What is this problem about?

The Camelcase Matching interview question involves matching a list of query strings against a specific pattern. A query matches the pattern if we can insert lowercase letters into the pattern to make it equal to the query. Critically, we cannot insert any uppercase letters. This Camelcase Matching coding problem is a test of string filtering based on specific structural rules.

Why is this asked in interviews?

Companies like Google and Compass use this to test a candidate's proficiency with string traversal and character-by-character comparison. It evaluates whether you can handle constraints (like the "no extra uppercase" rule) while effectively matching a subsequence. It's a great test for two-pointer logic or regular expression intuition.

Algorithmic pattern used

The most efficient approach follows the Two Pointers, String interview pattern.

  1. Use one pointer for the query and one for the pattern.
  2. As you move through the query, if the characters match, move the pattern pointer.
  3. If the characters don't match, the character in the query must be lowercase. If it's uppercase and doesn't match the current pattern character, the match fails.
  4. After traversing the query, check if you successfully matched all characters in the pattern.

Example explanation

pattern = "FB", query = "FooBar"

  1. 'F' matches 'F'. Pattern pointer moves to 'B'.
  2. 'o', 'o' in query are lowercase. Skip them.
  3. 'B' matches 'B'. Pattern pointer moves past the end.
  4. 'a', 'r' in query are lowercase. Skip them. Match: True. If query = "FoBaR", it fails because 'R' is an extra uppercase letter not found in the pattern.

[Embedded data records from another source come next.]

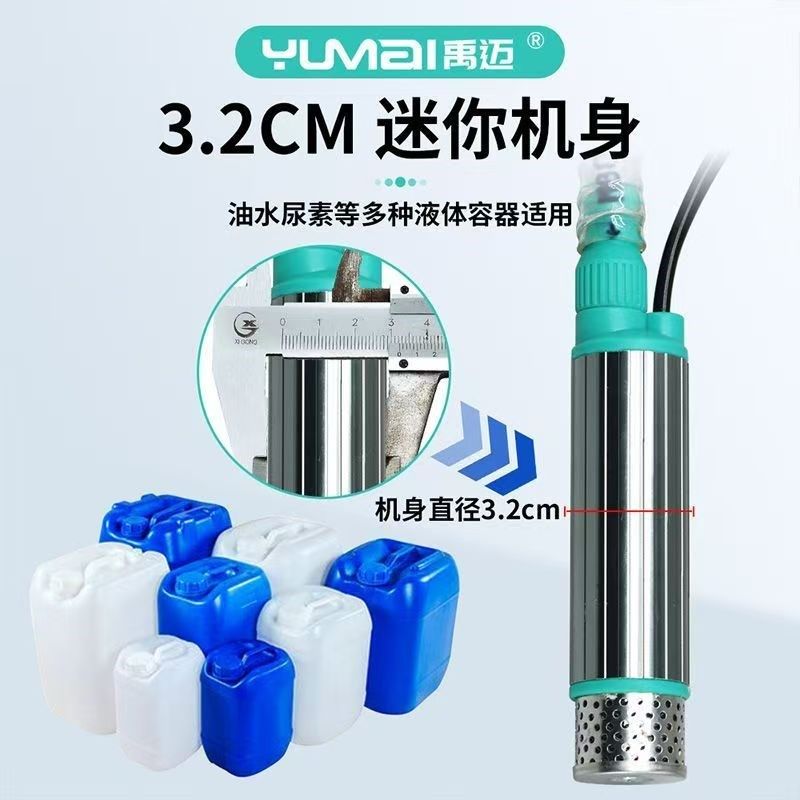 12V锂电抽油i泵抽尿素锂电池水泵32型电动抽油充电款尿素桶电水泵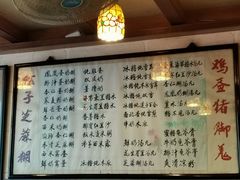 -玫瑰甜品(文明路店)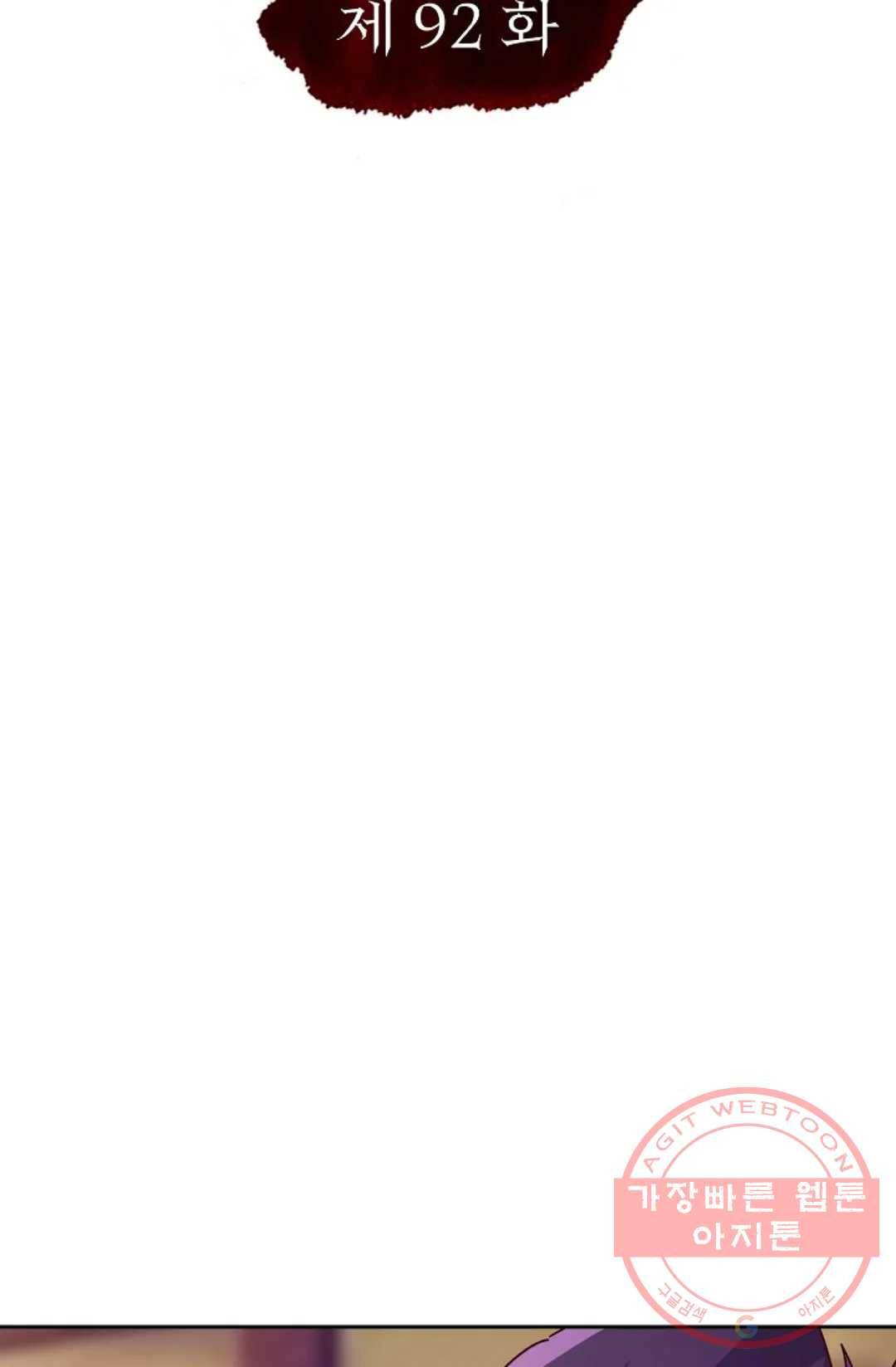 적소신검 92화 2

Common mistakes candidates make

  • Missing extra uppercase letters: Forgetting to check characters in the query that don't appear in the pattern. If they are uppercase, it's an automatic mismatch.
  • Incorrect subsequence matching: Failing to ensure that the pattern characters appear in the query in the correct order.
  • Over-complicating with Regex: While possible, regex can be tricky to build dynamically for this specific "no extra uppercase" constraint.

Interview preparation tip

When a problem asks if one string can be "built" from another by adding specific types of characters, always start with a two-pointer subsequence check. It's usually the most optimal O(N) solution.